Pour répondre à ces défis, et alors que la croissance allemande ne devrait atteindre que 0,5% en 2019, Peter Altmaier souhaite améliorer la compétitivité du pays. Il mise en partie sur une baisse des impôts pour les entreprises. «L’insatisfaction est grande sur le terrain. Il n’y a pas eu de grande réforme sur ce dossier depuis quinze ans», rappelle le ministre.
Différents secteurs
Autre pilier de cette stratégie, Peter Altmaier souhaite assurer la «souveraineté technologique» de l’Allemagne. Le but est de renforcer le contrôle des acquisitions d’entreprises et d’infrastructures dites «sensibles» afin de mieux les protéger face à l’appétit d’investisseurs étrangers. A ce jour, au nom de la sécurité du pays, l’Etat peut étudier et, s’il le faut, bloquer une prise de participation de plus de 10% du capital, par une entreprise d’un pays tiers. Cela concerne, entre autres, les secteurs de la défense, le gaz, l’électricité, l’eau, les médias. Désormais, le ministre souhaite y inclure ceux de l’intelligence artificielle, la robotique, les biotechnologies, les semi-conducteurs et les technologies quantiques. En dernier recours, l’Etat pourrait aussi entrer au capital de ces entreprises, pour une période limitée, afin de les défendre.
Le sujet est sensible en Allemagne où, en 2016, le géant de la robotique Kuka avait été racheté, à la surprise générale, par le chinois Midea sans que rien ne puisse y être opposé.

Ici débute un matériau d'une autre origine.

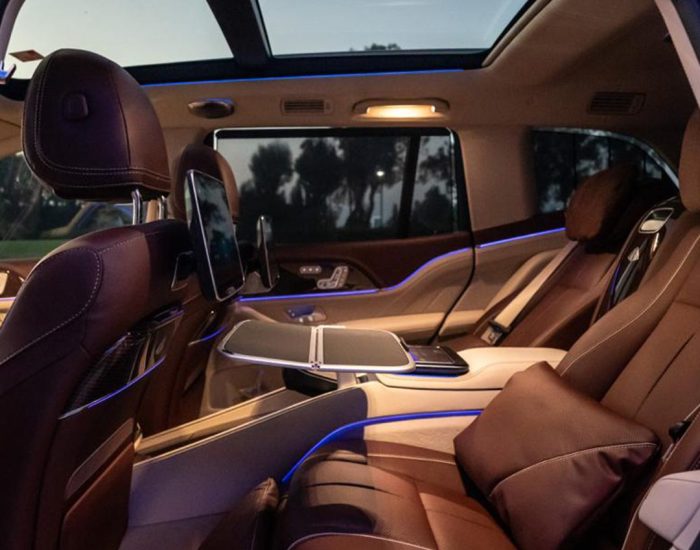 MERCEDES BENZ GLS600 MAYBACH 2024 (10)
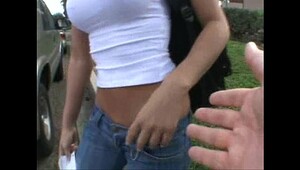 College girl 18 years sexy movie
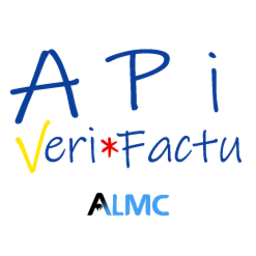 ALMC Electronic Invoicing for VeriFactu logo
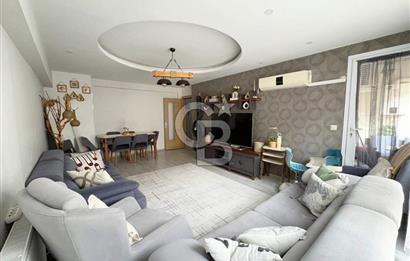 KARŞIYAKA ÖRNEKKÖY'DE 2+1 SATILIK DAİRE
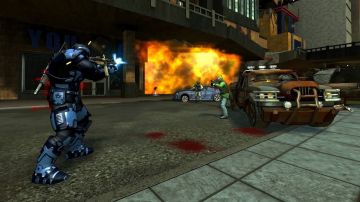 Immagine 5 del gioco Crackdown 2 per Xbox 360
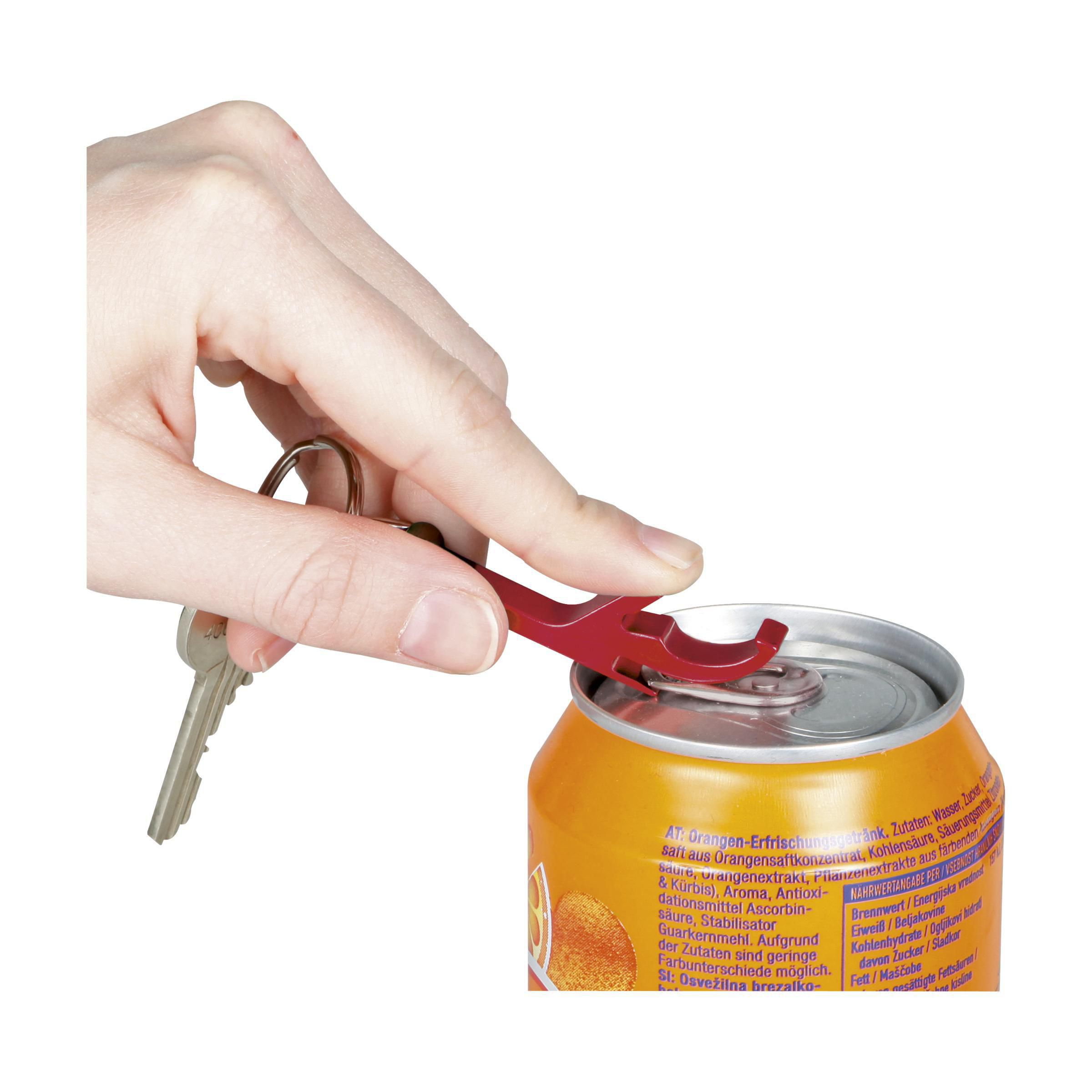 OpenUp décapsuleur / porte-clés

En réaction, il y a un an, Berlin a abaissé à 10% le seuil de prise de participation à partir duquel l’Etat doit être informé. «Nous ne voulons pas copier les règles injustes de certains pays mais donner de vraies chances à nos entreprises», se défend Peter Altmaier, qui se replace dans le contexte européen. «Cette stratégie ne concerne pas seulement la Chine. Nous voulons maintenir nos chances face à tous.»
Du côté des acteurs économiques, les réactions sont mitigées. «Il est grand temps de transformer cette stratégie en politique concrète», réagit Dieter Kempf, qui soutient surtout une baisse des impôts. Le président de la Fédération allemande de l’industrie (BDI) rejette par contre l’idée d’une intervention de l’Etat dans le capital des entreprises. «Cela ne correspond en rien aux principes de l’économie sociale de marché.»
Du côté des entreprises concernées, on reconnaît des «avantages et des inconvénients» au projet. «Nous nous félicitons que le ministre de l’Economie s’engage clairement à promouvoir ces technologies clés en Allemagne», commente Holger Bülow, chef de la communication au sein de l’entreprise de biotechnologie Miltenyi Biotec, basée à Hambourg. «Dans le contexte actuel de compétitivité mondiale, il est toutefois d’une importance cruciale que de telles considérations ne compromettent pas l’attractivité de l’Allemagne», ajoute-t-il.
Protectionniste, ou pas?
Si le ministre se défend de vouloir mener une politique protectionniste, la question se pose toutefois. A l’Institut IFO de Munich, on attend de voir la mise en pratique pour juger. «L’Allemagne a intérêt à ce que ses entreprises trouvent des marchés ouverts à l’étranger. Il me semble peu probable que cet instrument fasse l’objet d’un abus de protectionnisme», analyse Clemens Fuest, président de l’IFO.
Peter Altmaier, lui, compte désormais convaincre ses partenaires de coalition, les sociauxdémocrates, pour mettre en oeuvre cette stratégie qui, selon lui, est «l’une des plus importantes que l’Allemagne ait jamais connues».